More than a Cake

July 1, 2017
2 mins read

The Supremes enter the Cupcake Wars:

Jack Phillips … ignited a national debate after he refused to create a wedding cake for a gay couple in 2012… [T]he nation’s highest court is now tasked with striking a balance between the religious rights of Phillips with the couple’s right to equal treatment under the law…
“This has always been about more than a cake,” David Mullins, one of the men who tried to purchase the wedding cake, said in a statement this week. “Businesses should not be allowed to violate the law* and discriminate against us because of who we are and who we love.”
Mullins’ husband, Craig, added that the two are “disappointed” that the court has continued with the case.

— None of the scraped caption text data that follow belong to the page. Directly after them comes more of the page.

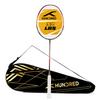 HUNDRED PRIMEARMOUR 800 Carbon Fibre Strung Badminton Racket with Full Racket Cover | for Intermediate Players | 84 Grams | Maximum String Tension - 32lbs view 1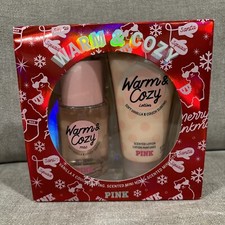 Victoria's Secret Pink Warm & Cozy Body Mist & Lotion Travel Size BNIB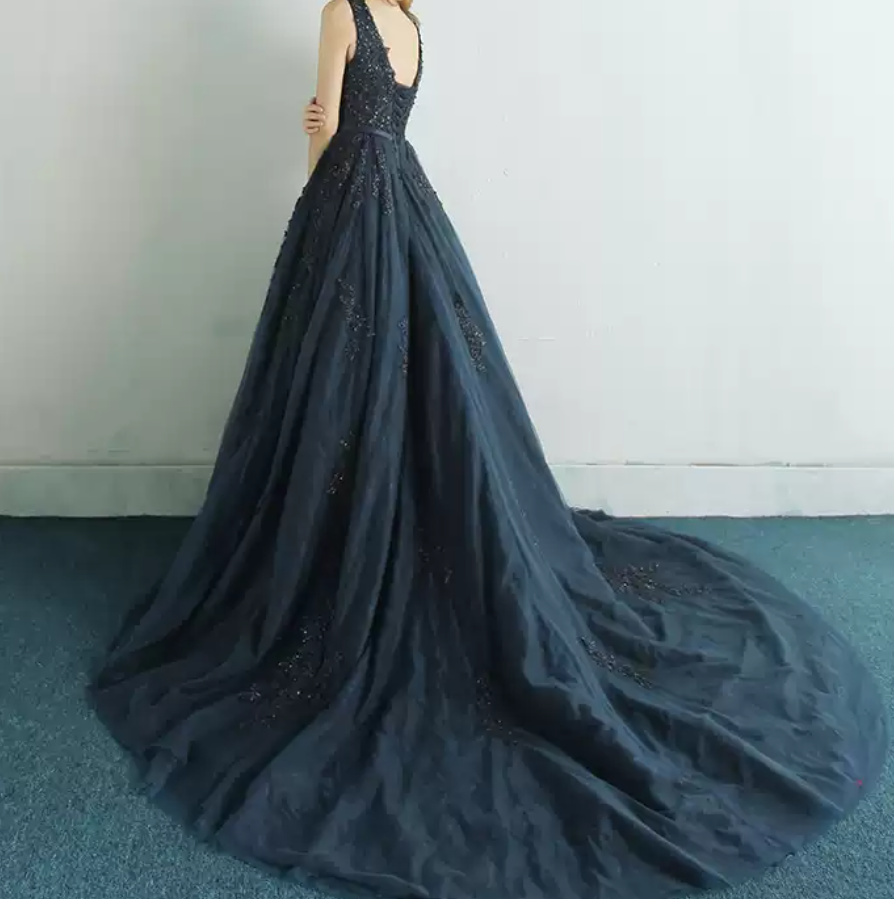 Robe de bal de princesse bustier à volants en satin long, robe de soirée C8117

David Mullins is absolutely correct that this fight is about more than a cake, but it’s not about the ideals he claims. With the Gaystapo as with other minions of the Left, the issue is never the issue. The issue is always The Revolution.  In this present case, what is at question is to what extent Christians are to be forced to publicly acknowledge the rightness of sexual perversion.
While the press and even the courts have claimed that this poor couple are the victims of some sort of bigotry, it is in fact the baker who is the purposely-injured party.
Let’s look at it this way. In NYC, a humble Jewish dough puncher is asked to bake a swastika cake with the caption Six Million Birthday Wishes across the top. He is then threatened with bankruptcy via lawsuit if he refuses. Such a cake might be procured from any of a hundred nearby bakers, and yet the buyer very loudly insists that this baker make it because of who he is. Who among us would not argue that it is the cake maker being harassed?
It is the same for a black baker tasked with baking a Klan cake.
It is the same for a Muslim tasked with making a cake with a picture of Mohammad on it.
It is the same for the Christian baker.  The homosexual couple specifically chose a Christian baker because he knew the baker would find their request offensive. This case was not a single event. It was but one tactic employed in a nationwide battle — there are literally dozens of public cases in different states where a Christian was asked to bake an offensive cake and then was sued or publicly shamed for refusing.
It was never about the cake, it was always about the baker. Either the baker submitted to what he knew to be evil – in which case the couple scores a rainbow-colored feather for their cap — or they would destroy him and his family financially and emotionally as a warning to other Christians who dared to speak out against sexual disorientation.
Even though we have a ‘conservative’ court and a Republican administration, this is not a case where decency and common sense are guaranteed a win. Our own Justice Department celebrates aggressive transgenderism. Our local police cruise about in rainbow-decorated cars, and not to recall Noah’s flood, either. Our campuses and airwaves are nearly unanimous in their celebration of all manner of sexual depravity.  Our culture is in complete collapse, and I expect that no amount of politicking is going to change that.
The days are coming and are now here when each of us will be drafted into the same Cupcake Wars, though perhaps into a different arena. Each of us will be forced to take a stand. Each of us will be forced to pay a price.
For this is about more than a cake.  It’s even about more than fairness or law or discrimination. It’s ultimately about what kind of a world we will leave our children: one in which God’s designing hand is acknowledged and respected, or one in which Man is no more than an animal, driven only by chemical urges, and required by force of law to act that part.
* The reasons claimed are all the more laughable as in 2012, when the couple asked Phillips to bake them a wedding cake, the homosexual parody of marriage was still illegal in Colorado.

El Borak is an historian by training, an IT Director by vocation, and a writer when the mood strikes him. He lives in rural Kansas with his wife of thirty years, where he works to fix the little things.